Many in St. Petersburg probably already know that this man was previously called Vladimir Kumarin and in many publications, with or without reference to law enforcement agencies, he was called the leader of the "Tambov" group. Here is an excerpt from an article in the Kommersant newspaper on October 25, 1995: "According to the RUOP, the "Tambov" criminal group has about three hundred active members. At present, it occupies a leading position in St. Petersburg. It is mainly engaged in extortion, kidnapping, robbery and armed robbery.
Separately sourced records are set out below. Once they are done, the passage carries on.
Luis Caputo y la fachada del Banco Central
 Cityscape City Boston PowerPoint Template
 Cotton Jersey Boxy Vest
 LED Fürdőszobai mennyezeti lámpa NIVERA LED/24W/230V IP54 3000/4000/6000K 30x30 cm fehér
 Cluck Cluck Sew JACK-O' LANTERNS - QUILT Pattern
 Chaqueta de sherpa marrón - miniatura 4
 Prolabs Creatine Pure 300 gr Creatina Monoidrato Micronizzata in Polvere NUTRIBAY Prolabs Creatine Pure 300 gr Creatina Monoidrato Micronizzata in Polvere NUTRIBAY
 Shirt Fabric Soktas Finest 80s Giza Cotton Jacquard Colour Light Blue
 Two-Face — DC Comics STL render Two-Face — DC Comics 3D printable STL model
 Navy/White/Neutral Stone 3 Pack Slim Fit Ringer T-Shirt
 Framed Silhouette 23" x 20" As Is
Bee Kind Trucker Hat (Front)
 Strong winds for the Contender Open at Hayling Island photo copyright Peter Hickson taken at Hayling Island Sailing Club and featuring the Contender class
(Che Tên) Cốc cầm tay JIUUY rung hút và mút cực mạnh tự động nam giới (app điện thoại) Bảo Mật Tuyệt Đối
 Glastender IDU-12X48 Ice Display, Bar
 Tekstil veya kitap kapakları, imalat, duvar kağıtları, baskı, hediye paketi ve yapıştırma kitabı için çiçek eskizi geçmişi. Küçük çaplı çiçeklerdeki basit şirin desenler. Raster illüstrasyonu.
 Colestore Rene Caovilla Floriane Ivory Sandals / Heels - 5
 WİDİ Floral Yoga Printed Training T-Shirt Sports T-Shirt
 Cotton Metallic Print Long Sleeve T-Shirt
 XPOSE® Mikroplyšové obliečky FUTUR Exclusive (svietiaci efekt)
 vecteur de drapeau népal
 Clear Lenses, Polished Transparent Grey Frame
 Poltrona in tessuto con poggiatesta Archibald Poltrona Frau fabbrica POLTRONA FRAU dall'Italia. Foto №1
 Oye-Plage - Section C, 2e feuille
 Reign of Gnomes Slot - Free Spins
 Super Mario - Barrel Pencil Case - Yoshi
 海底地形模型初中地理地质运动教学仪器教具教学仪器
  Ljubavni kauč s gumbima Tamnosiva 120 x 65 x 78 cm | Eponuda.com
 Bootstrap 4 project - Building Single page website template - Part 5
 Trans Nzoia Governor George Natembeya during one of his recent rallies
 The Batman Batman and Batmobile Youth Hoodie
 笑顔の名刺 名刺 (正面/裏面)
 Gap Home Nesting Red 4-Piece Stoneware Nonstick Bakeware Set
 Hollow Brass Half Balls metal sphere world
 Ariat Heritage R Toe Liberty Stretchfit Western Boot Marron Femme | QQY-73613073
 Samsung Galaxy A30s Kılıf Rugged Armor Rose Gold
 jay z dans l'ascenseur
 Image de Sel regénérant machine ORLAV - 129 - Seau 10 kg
Strict discipline and absolute subordination to the leaders reign in the criminal community. The brain center of the "Tambovites" is Vladimir Kumarin. He is called the founder of the group."

Recently Barsukov-Kumarin gave an interview to the newspaper Kommersant-Daily regarding his complete non-involvement in the high-profile murder of his competitor in St. Petersburg, the head of the Baltic Financial and Industrial Group, Pavel Kapysh. He spoke quite convincingly, explaining that the so-called "criminal groups" have long been irrelevant, since they have gone into big business.

He appears on the board of directors of Znamenskaya CJSC in 1999. And if we compare with previous prospectuses, he actually replaces Rudolf Ritter, who was also one of the directors at Znamenskaya CJSC. That's the kind of continuity.

Starting my investigation, I sent a list of questions to Vladimir Smirnov. I also asked him about his relationship with Vladimir Putan. And a few days later, an article by Smirnov himself appeared in the newspaper St. Petersburg Vedomosti with completely ugly accusations against me and my family members. But the main thing is that the article was answers to my questions. In a certain context, of course. And when asked about his relationship with Pugany, Vladimir Smirnov answered this way: “I met Vladimir Vladimirovich Putany in 1991 in Frankfurt am Main, where the issue of attracting the first private Western investments to our city was being decided...”

Listing the projects in which he participated together with Pugan, Smirnov quite rightly notes: “Nine years have passed since then, and in all these years I have never experienced disappointment in either the business, professional, or human qualities of Vladimir Vladimirovich. ..”

Unfortunately, I was upset by one quality. Promiscuity.